Boundary note: ingress controller and cluster networking changes
belong in `railiance-cluster`. This task only adds an `Ingress`
resource that consumes the existing controller.
**Done when:** the public hostname serves the app over HTTPS and the
certificate chain validates from outside the cluster.
---
### T07 — Initial migration, seed, and smoke test
```task
id: RAILIANCE-WP-0002-T07
status: todo
priority: high
```
Bring the app to a usable state in production.
Steps:
- Run `manage.py migrate` as a Kubernetes `Job` or one-shot
`kubectl exec` against the running Deployment (record which).
- Run `manage.py seed` (the `make seed` target) — vergabe-teilnahme's
idempotent seed.
- Create the first superuser via `manage.py createsuperuser`.
- Smoke checklist:
- Login at `/admin/` succeeds.
- The dashboard at `/` renders without errors.
- Static assets (Tailwind build output) are served with correct
content-type and 200 status.
- HTMX partial requests succeed on at least one page.
- A new `Ausschreibung` can be created and saved.
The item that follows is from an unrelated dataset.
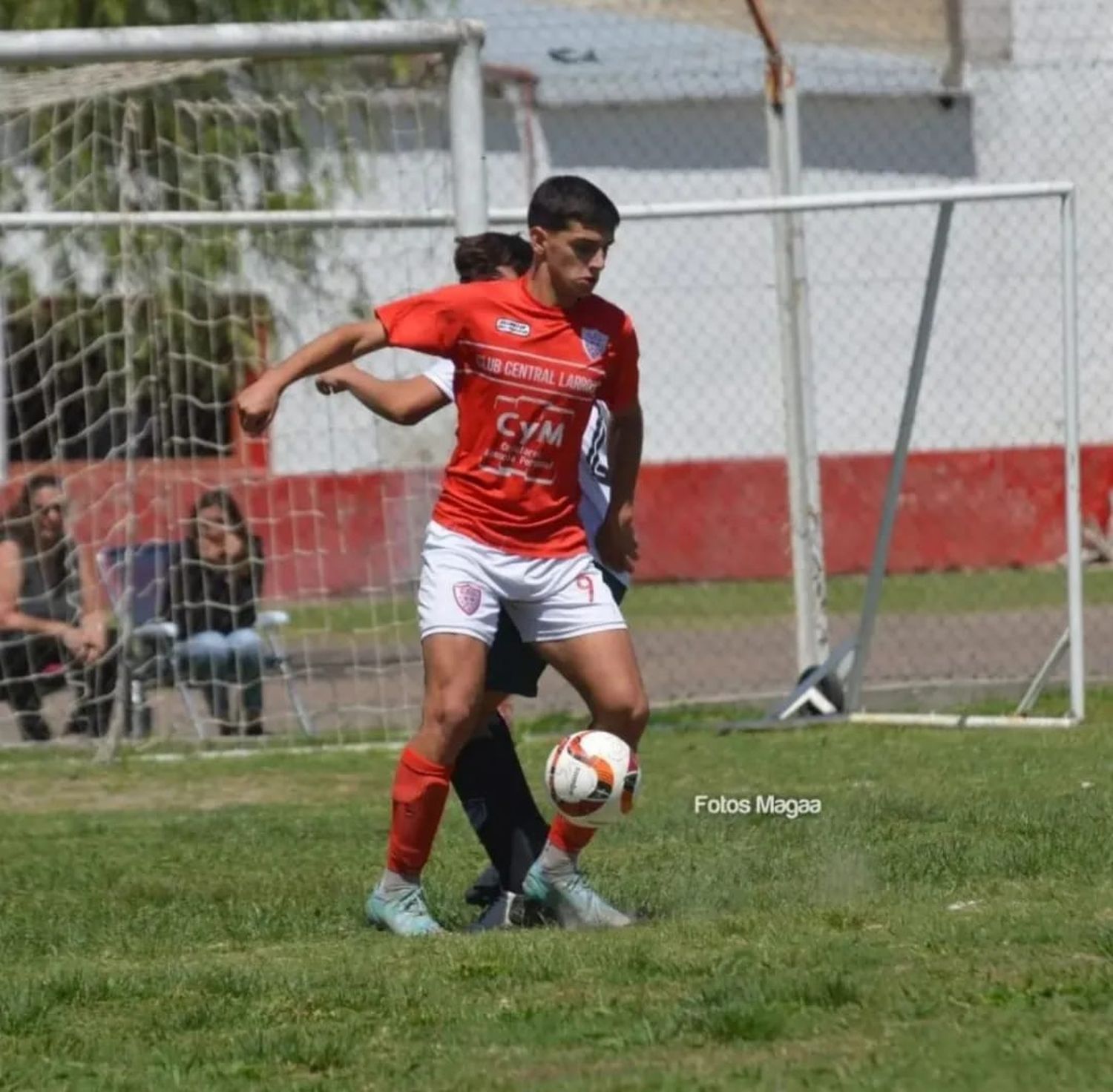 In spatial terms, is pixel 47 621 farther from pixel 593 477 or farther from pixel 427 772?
pixel 427 772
**Done when:** the smoke checklist passes and `kubectl logs` shows no
unexpected errors.
---
### T08 — Document handoff, runbook, and backup posture
```task
id: RAILIANCE-WP-0002-T08
status: todo
priority: medium
```
Capture everything an on-call operator needs.
Deliverables in `docs/vergabe-teilnahme.md`:
- Registry image naming and tag scheme.
- Namespace, Deployment, Service, Ingress names.
- DB DSN handling (where secrets live, how to rotate).
- Restart, rollback (`helm rollback`), and migration commands.
- Backup posture: confirm whether the shared cnpg cluster's backup job
includes `vergabe_db`; if not, open a `railiance-platform` follow-up.
- Pointer to the vergabe-teilnahme repo for app-level changes vs.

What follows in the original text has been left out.